╭─ Entries shown

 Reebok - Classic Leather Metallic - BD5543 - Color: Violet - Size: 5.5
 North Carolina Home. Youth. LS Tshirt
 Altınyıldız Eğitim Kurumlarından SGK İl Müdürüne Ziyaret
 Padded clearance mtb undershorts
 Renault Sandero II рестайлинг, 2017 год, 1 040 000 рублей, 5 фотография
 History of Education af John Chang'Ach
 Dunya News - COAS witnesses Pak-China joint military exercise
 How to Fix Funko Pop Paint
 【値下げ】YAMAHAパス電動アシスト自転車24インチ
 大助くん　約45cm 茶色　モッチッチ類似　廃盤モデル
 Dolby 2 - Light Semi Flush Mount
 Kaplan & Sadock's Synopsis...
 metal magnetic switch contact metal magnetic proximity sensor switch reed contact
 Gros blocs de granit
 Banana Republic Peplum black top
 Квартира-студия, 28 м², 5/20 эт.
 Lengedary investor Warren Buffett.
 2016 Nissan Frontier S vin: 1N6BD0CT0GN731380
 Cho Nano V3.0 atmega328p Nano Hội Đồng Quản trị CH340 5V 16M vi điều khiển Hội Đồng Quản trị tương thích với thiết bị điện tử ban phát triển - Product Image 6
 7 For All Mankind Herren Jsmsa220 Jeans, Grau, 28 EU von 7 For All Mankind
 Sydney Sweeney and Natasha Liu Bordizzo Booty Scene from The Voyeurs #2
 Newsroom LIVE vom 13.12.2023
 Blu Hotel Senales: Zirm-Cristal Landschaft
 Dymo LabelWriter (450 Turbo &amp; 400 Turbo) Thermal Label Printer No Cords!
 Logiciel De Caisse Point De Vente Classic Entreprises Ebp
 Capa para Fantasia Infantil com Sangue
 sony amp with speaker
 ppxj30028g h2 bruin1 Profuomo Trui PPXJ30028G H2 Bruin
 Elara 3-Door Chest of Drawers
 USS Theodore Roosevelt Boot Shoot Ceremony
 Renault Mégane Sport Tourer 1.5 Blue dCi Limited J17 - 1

╰─

▶ **Work required**
In the entries above, which lines hold the word "Classic"? Copy them out.

▶ **Reply**
 Reebok - Classic Leather Metallic - BD5543 - Color: Violet - Size: 5.5
 Logiciel De Caisse Point De Vente Classic Entreprises Ebp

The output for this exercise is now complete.